The very first step will always be to translate the problem to a kind of research question that is measurable or quantifiable. In this case we came to the following:

“Is it possible to detect the arrival and departure of a train at a platform with time resolution of a few seconds using a smartphone?”

 

After this the focus will shift towards analysing the problem. What do we know? What do we need? What can we measure? What are our limitations?

For the current problem it is important to know what the properties are of arrival and departure at a platform. Arrival and departure are the states that need to be detected, thus we need a way to identify them. The arrival can be seen as the velocity is 0 m/s and the location is at the platform, while departure can be identified as the velocity is no longer 0 m/s and the location is no longer at the platform.

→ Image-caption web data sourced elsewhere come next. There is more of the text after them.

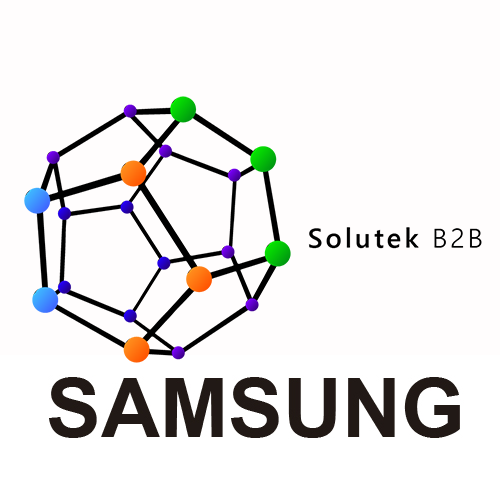 Reciclaje de NVRs Samsung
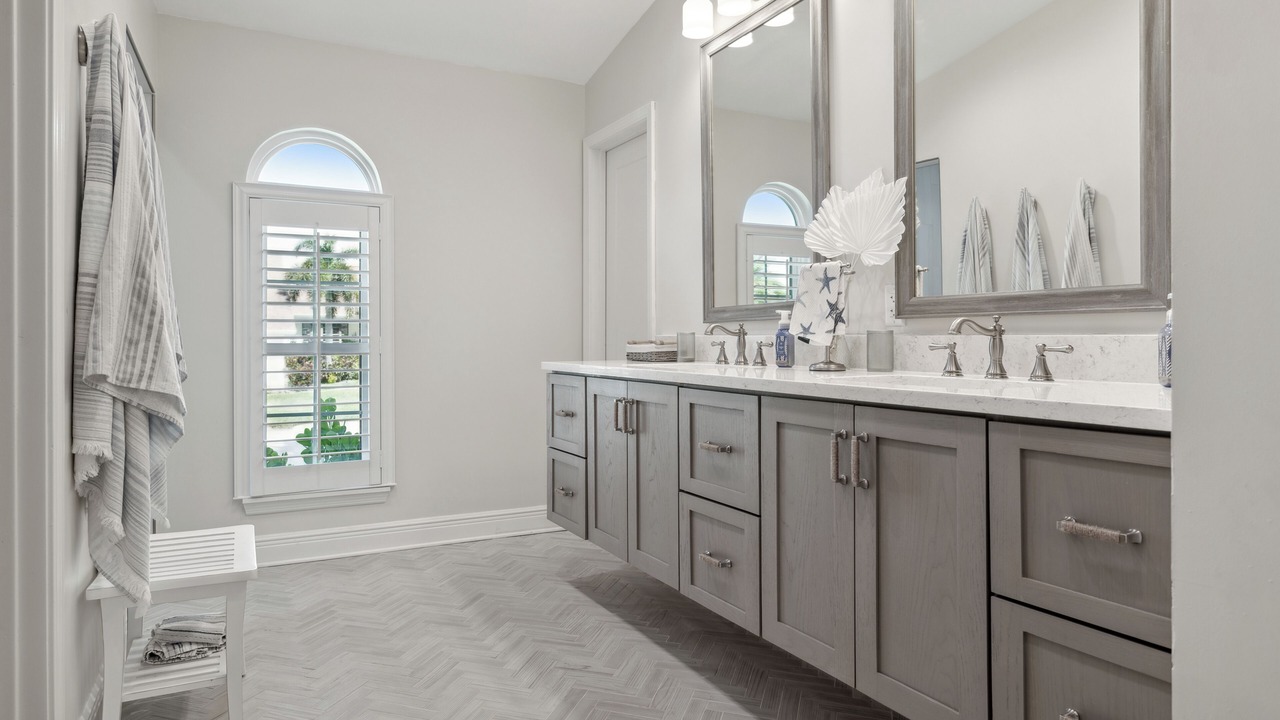 Photo of Bathroom in Tierra Verde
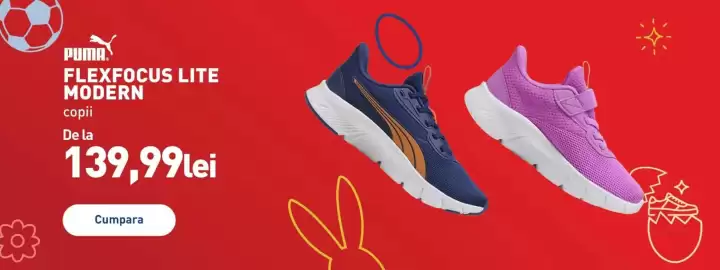 Magazine Intersport Pagină 4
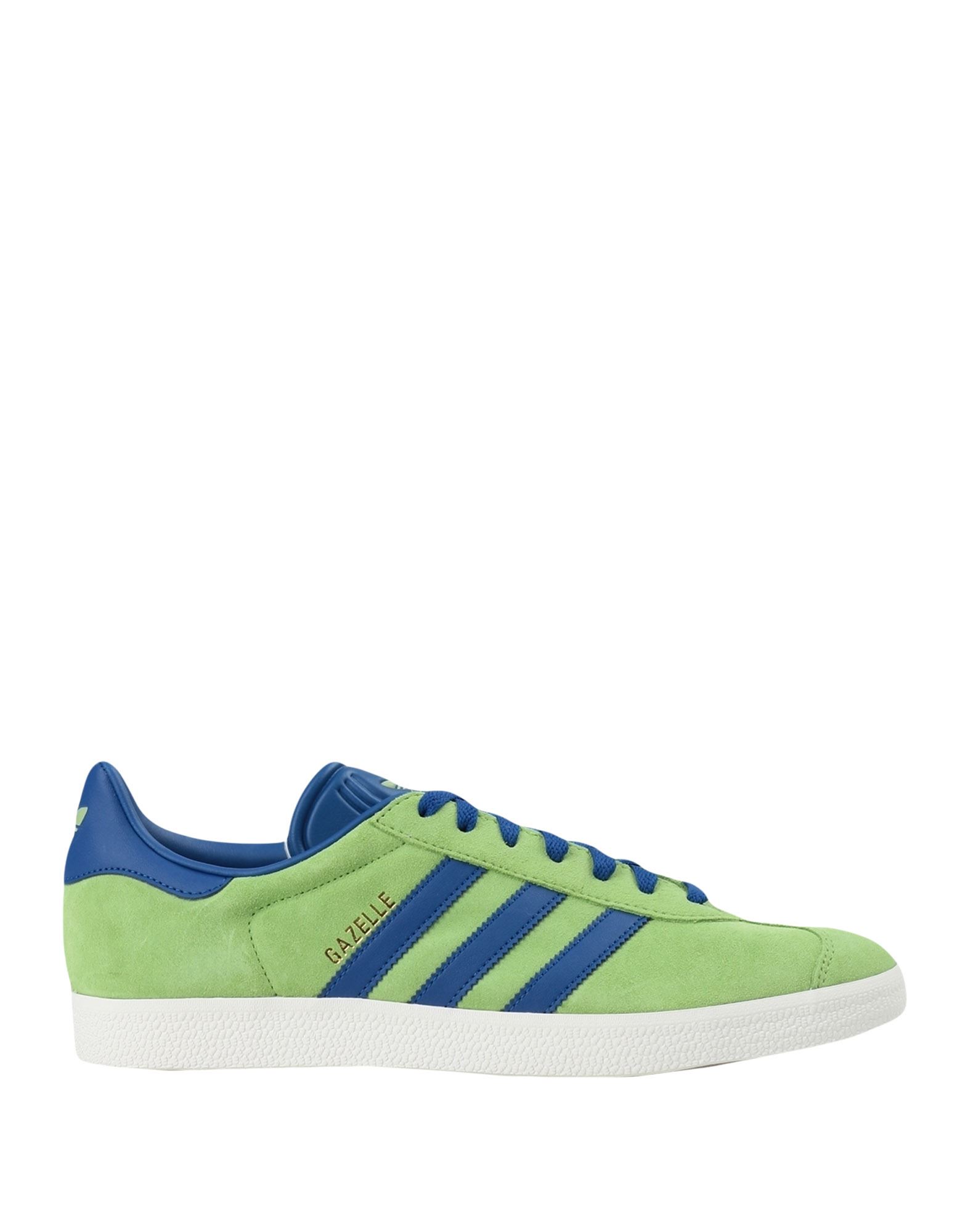 ADIDAS ORIGINALS Sneakers Herren Limettengrün ADIDAS ORIGINALS Sneakers Herren Limettengrün von ADIDAS ORIGINALS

How can these properties be measured? The limitations of the problem require the use of a smartphone, and a smartphone alone. Luckily for us all modern-day smartphones have GPS, which can deliver coordinates for the position with a high enough accuracy. Furthermore, the velocity is also present in the received data with a very good accuracy, as it is measured using the Doppler shift of the carrier frequencies. 

In our approach, we still start from tapping from the same barrel of known truths and assumed knowledge. This will always form a starting point to tackle a problem, as it is the best way to make an educated proposition for a solution. When there aren’t any known truths, preliminary investigation will first be required. But in this case we had our earlier work to fall back on.

Step 2: Form a hypothesis

Then it is time to form a hypothesis, a statement that forms an educated proposition for the identified problem. This will often be something in the form of “When we do A, then B will happen.”. Based on the analysis in step 1 we proposed following hypothesis:

“When we collect the position and velocity with a GPS, we will be able to reliably determine the arrival and departure at a platform based on the position and velocity characteristics and with a good time resolution.”

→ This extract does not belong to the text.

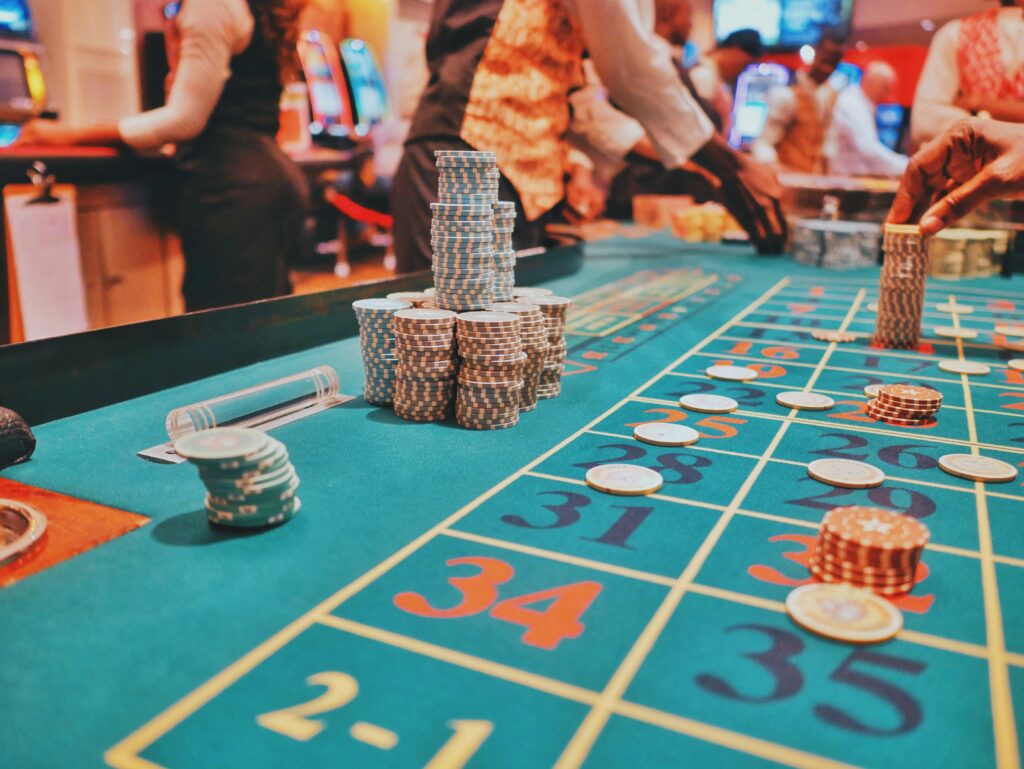 Online Gambling Addiction: Warning Signs You Shouldn’t Ignore - My ...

This hypothesis is measurable, as we can setup an experiment where labeled datapoints can be used to validate if the labeled datapoints corresponds to the predicted datapoints. 

Step 3: Conduct experiments to test the hypothesis

In step 3 the focus lies on building a proof of concept, which will only focus on the required data and proposed solution. This is to minimize possible side effects or getting lost in the details which will only matter once the hypothesis is proven.

We built an application that stored GPS coordinates and velocity which were labeled based on driving or standing still. Due to earlier experience on this topic, we knew that GPS can suffer from bad accuracy, drift and jumps. Therefore, on top of storing the data from the GPS, filtering was applied on the location updates. Rather than ignoring some location updates, they are adjusted with filters that apply predictions based on accelerometer, physical limitations of trains, and the predicted route. This does result in a significant improvement of the location data. 

Step 4: Analyse Data

The data obtained in the experiment is then analysed to determine, if the hypothesis is proven, disproven, or should be adjusted. The conclusion from the data that was gathered was the following:

  • Very good results to detect arrival and departure at a platform
  • Stability of the system was very good
  • Velocity is not reliable, as it is just not always there depending on the origin of the location data
  • Time resolution is lacking, no predictable output of the location.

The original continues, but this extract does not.